MAN AND LANDSCAPE
Video installation, 2019
Rock rug: 150 x 100 cm Man: 150 x 150 cm
Videography — Nelly Kate Anderson
Video Editing — Hilla Shapira + Nelly Kate Anderson
Performer - Declan Knight
Photography - Rob Crossno
Man And Landscape is a 2-channel video installation which focuses on the relationship between white men, land, and domestic space. I collected stones and placed them onto a surface for screening an image of a Persian-style rug available for purchase on Home Depot’s website. The audience is invited to sit and watch a naked man (flirting with the viewer) next to the glowing rug of rock. I created a space of fluid power dynamics between the viewer, the man, and the rug, as a place of vulnerability and discomfort.

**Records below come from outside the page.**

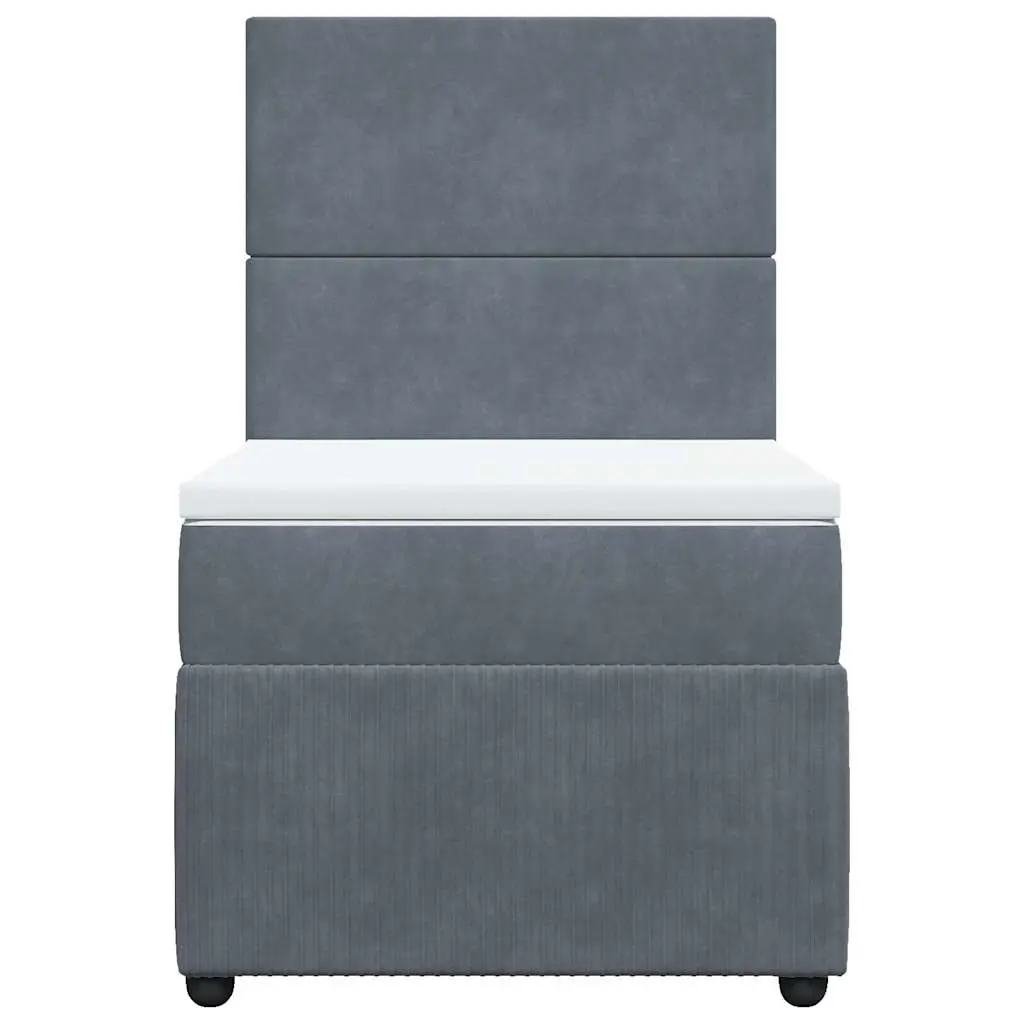 Box Spring Bed Velvet King Single Grey with Pocket Mattress LED Headboard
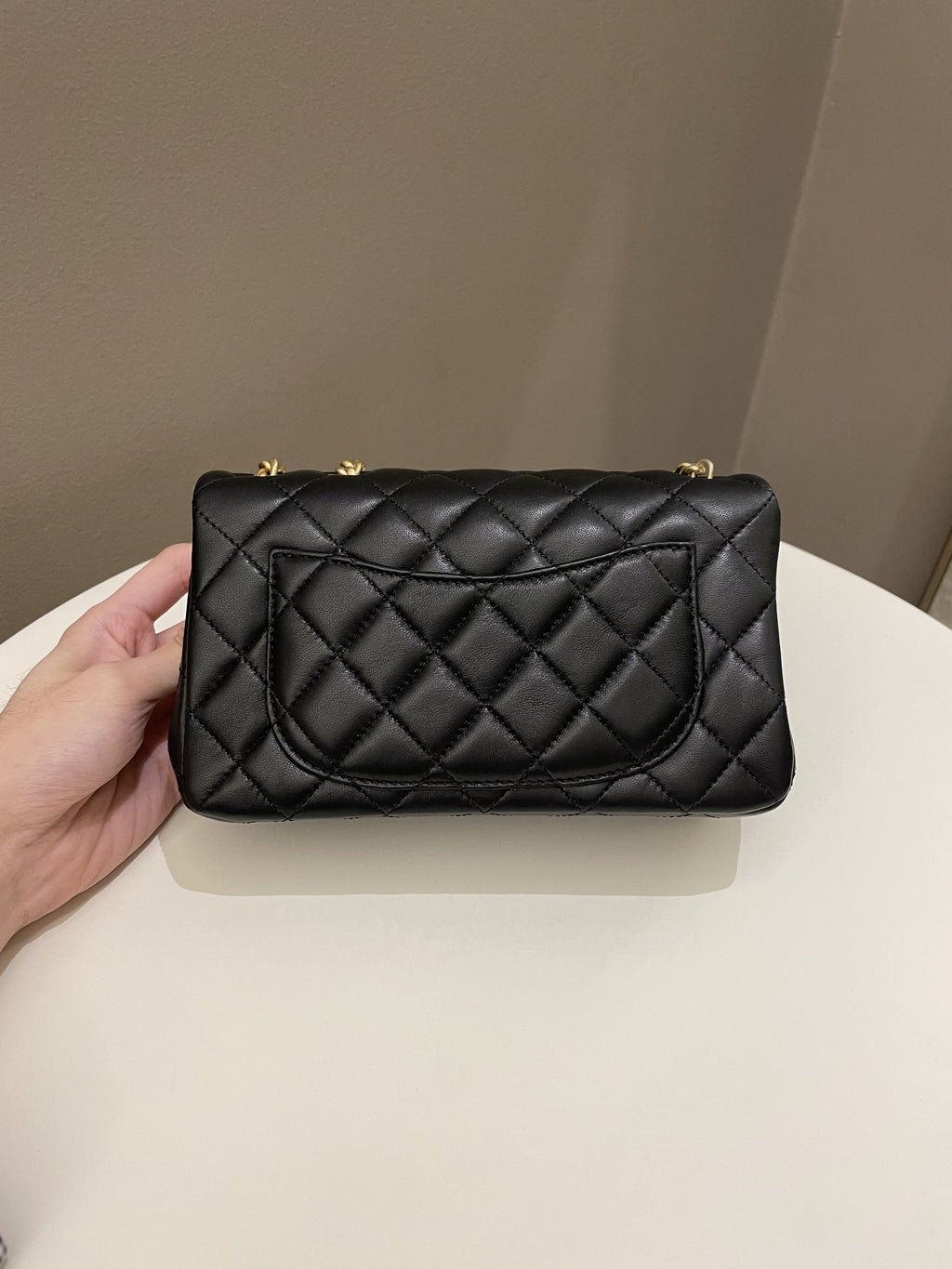 Chanel 23S Camilla Crush Quilted Mini Rectangular Black Stiff Lambskin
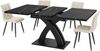 Esstisch 120/160x80x76 cm, ausziehbar, MDF & Metall, X‑Gestell, Schwarz Bild 5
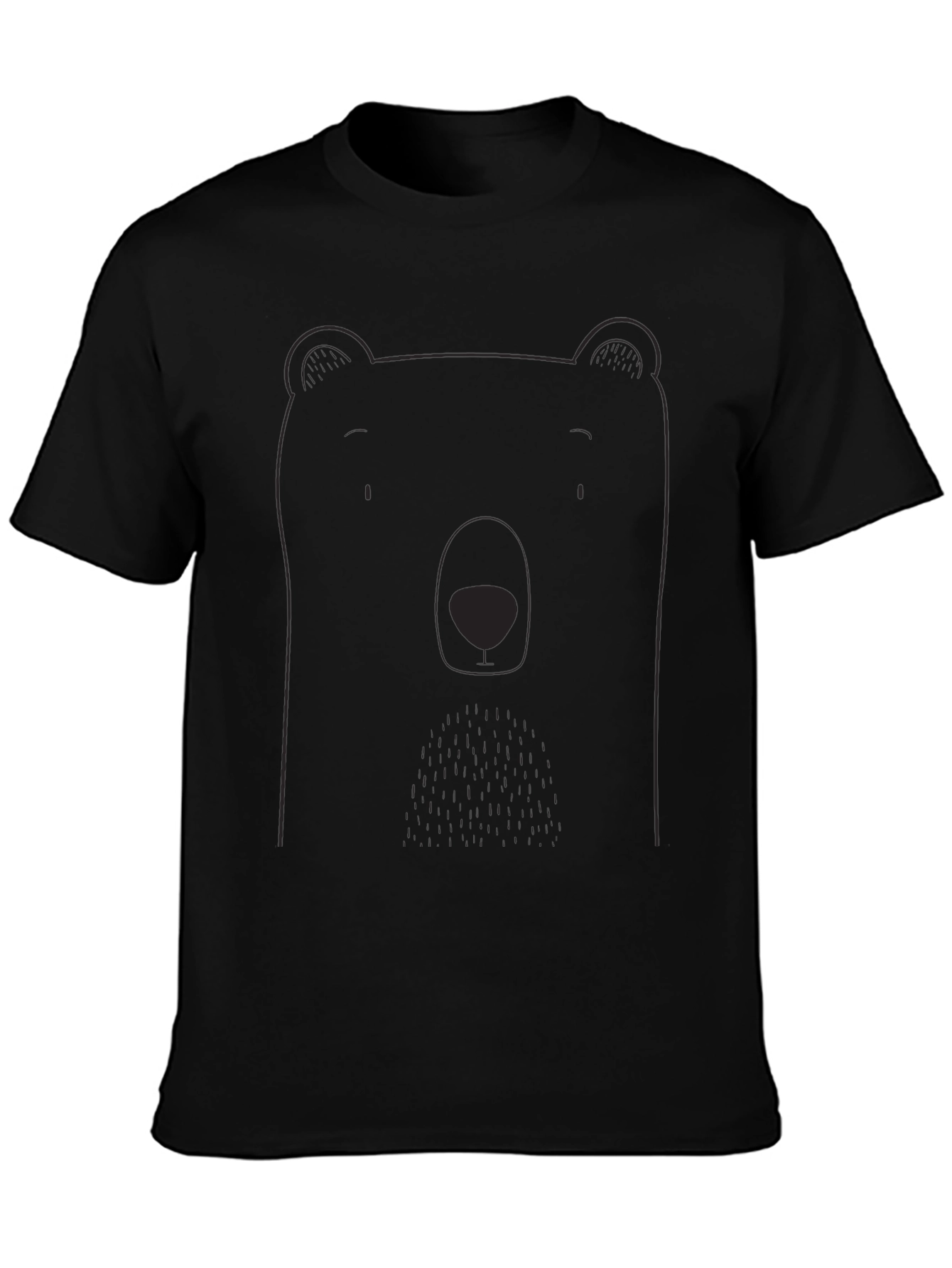 Bear Graphic Tee - Mens Black Casual Shirt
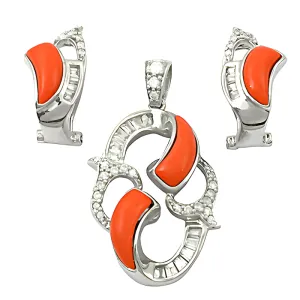 Stunning Orange Coral Cubic Zirconia Gemstone Silver Pendant Set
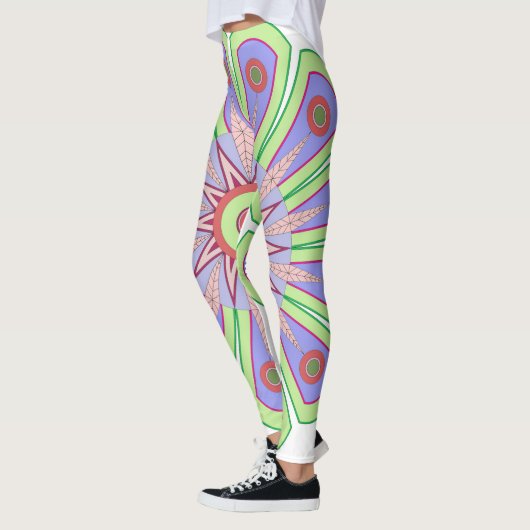 Leggings met groene en roze kunst (Links)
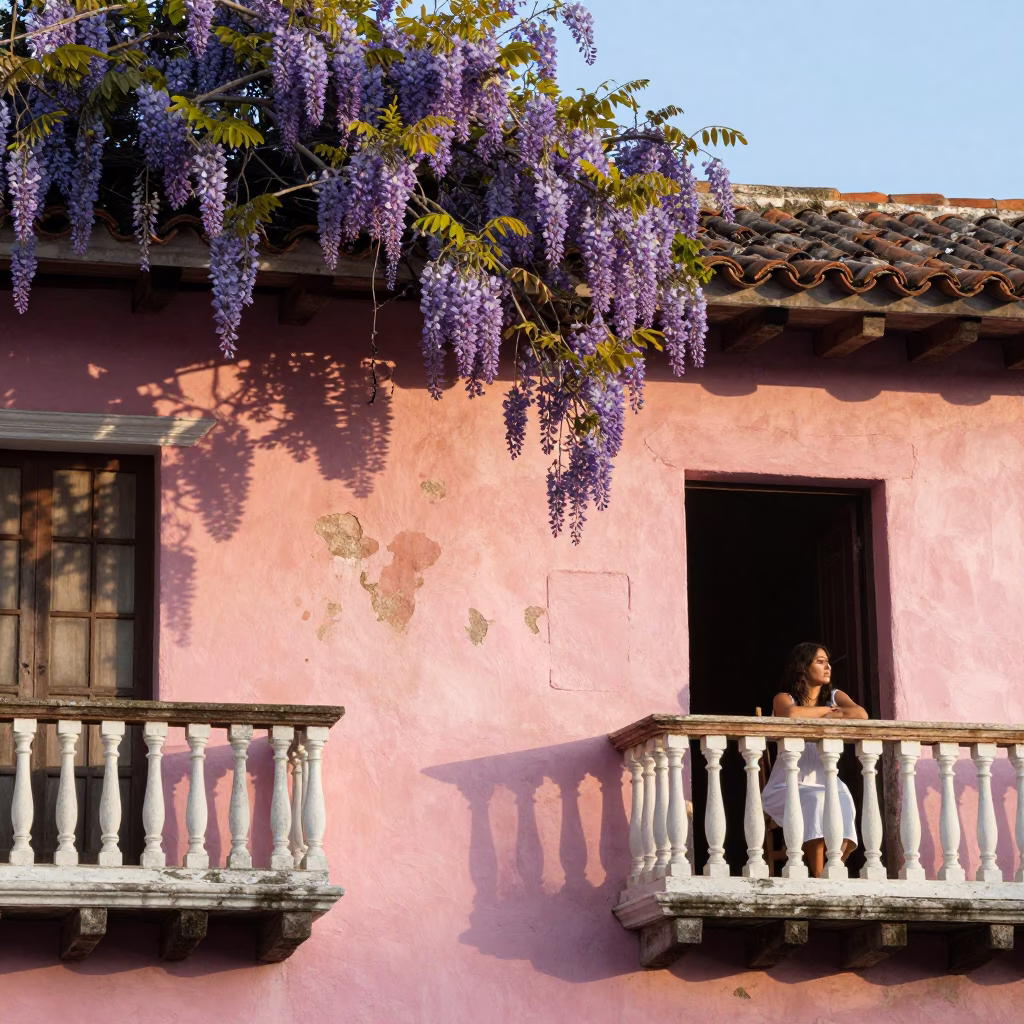Early Morning Sunlight on Colonial Cartagena Balcony with Wisteria and Tea in in Cartagena, Colombia
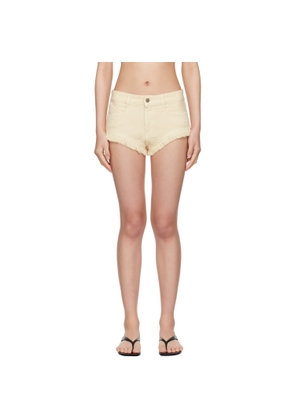 The Attico Off-White Fringed Denim Shorts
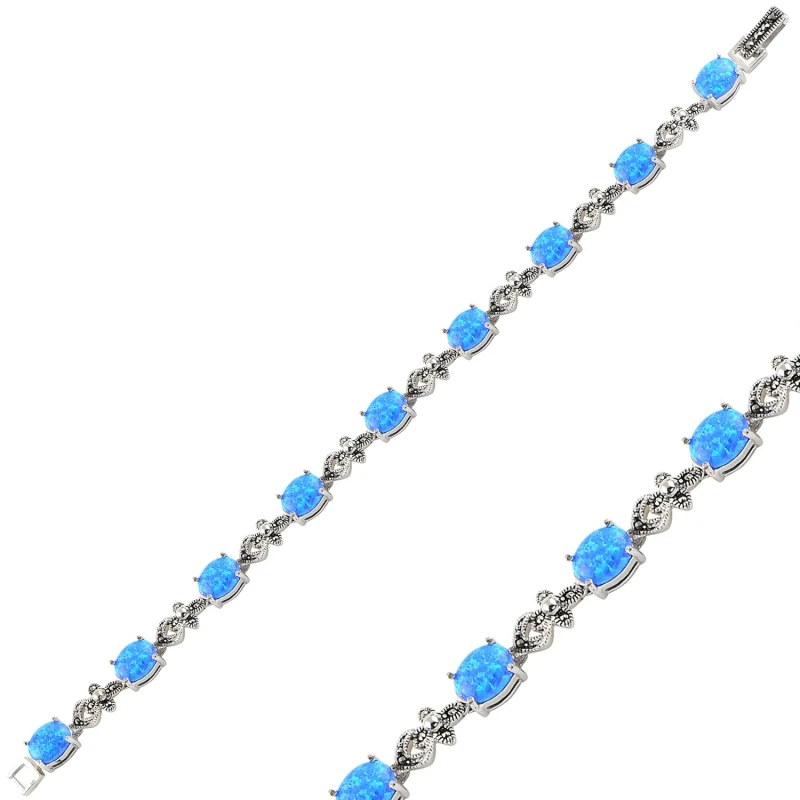 

Silver 925 Sterling Opal & Marcasite Sterling Bracelet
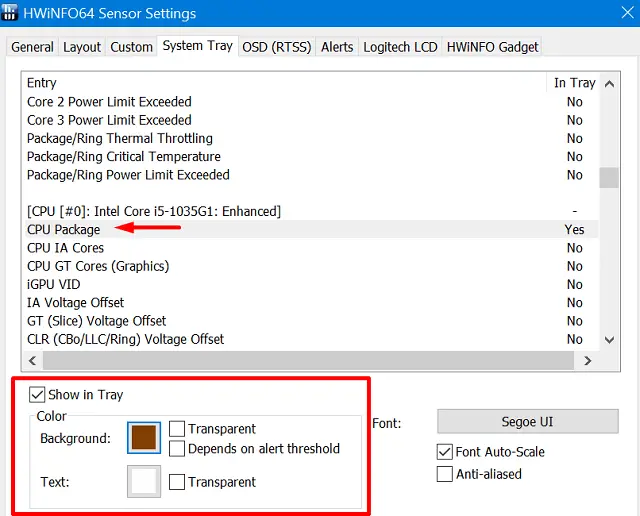 CPU and GPU temperatures - change default colors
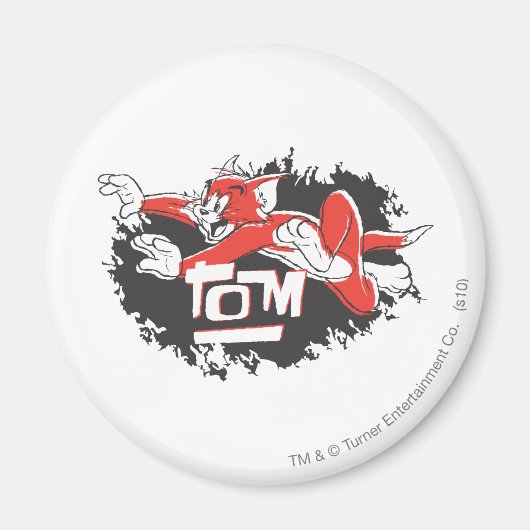 トム・ブラックとレッドのロゴ マグネット (正面)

Man and Landscape was made as a comment on domestic objects in a digital world. Rugs and textiles sold in corporations are made by digital files. The domestic space is full of representational objects, digital versions of the things that unite to create a global culture. I am interested in the digital symbol of the Persian rug versus the craft, culture and its place of origin. What is the meaning of having it in different physical spaces as a digital file? Who owns symbols, objects, and space?
Displacement of physical stones from exterior to interior. Displacement of symbols from the Middle East to a Home Depot store in Michigan. Are parallel virtual spaces preserving or erasing cultures? Who owns symbols and who benefits from them?
What are the possibilities of living in a digital space? Living in a world with an environmental crisis makes me think about digital material as an option; as in, living with the objects we love via digital representations. What would that space look like? How can we use the technology without appropriating cultures? I think about future digital textiles in critical aspects because I understand their complexity and their potential. This project aims to raise awareness and question the future.